Und zu unseren Ungunsten () haben sie es noch latinisiert, so müssen wir uns nun mit zwei solchen Worten schlagen!

Zum Glück ist das nie mit "ironisch" und "ironikalisch" passiert; die Idee    nehme ich aus dem englischen "ironical".


----------



## Rudolf36

Hallo,
auch wenn's spät ist, ein Nachtrag:
"Grammatikalisch" ist ein Anglizismus. 
Einfach an das engl. "grammatical" noch ein "-isch" angehängt.
Die engl. Endung "-al" bedeutet eine Zugehörigkeit oder Eigenschaft und entspricht
der deutschen Endung "-isch". Man kann also "-isch" nicht einfach dranhängen, sondern man muß das "-al" ersetzen.
Andernfalls: 
wie wär's mit politikalisch, ethikalisch, mystikalisch, technikalisch, journalistikalisch, systematikalisch, hydraulikalisch . . .?
Gruß
Rudolf36


----------



## Hutschi

Gibt es dafür Belege?

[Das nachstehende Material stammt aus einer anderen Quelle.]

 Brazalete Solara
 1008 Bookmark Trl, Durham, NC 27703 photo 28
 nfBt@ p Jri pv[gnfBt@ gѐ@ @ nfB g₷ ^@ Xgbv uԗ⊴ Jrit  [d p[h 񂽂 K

Eventuell kommt "grammatikalisch" auch auf beiden Wegen.,  sowohl (neu und dadurch wiederbelebt) als Anglizismus als auch aus dem Griechischen/Lateinischen/Französischen.

Das Grimm'sche Wörterbuch sagt:


> _GRAMMATIKALISCH_, _ adj._, _seit dem_ 17. _jh. belegbar, wohl aus frz. grammatical_ (16. _jh._), _dem seinerseits lat. grammaticalis zugrundeliegt. im_ 17. _und bis zur mitte des_ 18. _jhs. geläufiger als älteres gleichbedeutendes_ grammatisch (_s. d._), _im_ 19. _jh. stark rückläufig und von_ _A__DELUNG_ _versuch _2  (1775) 769, _H__EYNATZ_ _antibarb. _2  (1797) 71 _für veraltet erklärt._


http://germazope.uni-trier.de/Proje...pattern=&lemmapattern=&verspattern=#GG23020L0




Whodunit said:


> Ich benutze gerne "grammatikalisch" in Bezug auf Fehler, aber "grammatisch" bezüglich der Grammatik im Allgemeinen, aber der Duden sagt bei "grammatikalisch" leider nur "seltener für grammatisch".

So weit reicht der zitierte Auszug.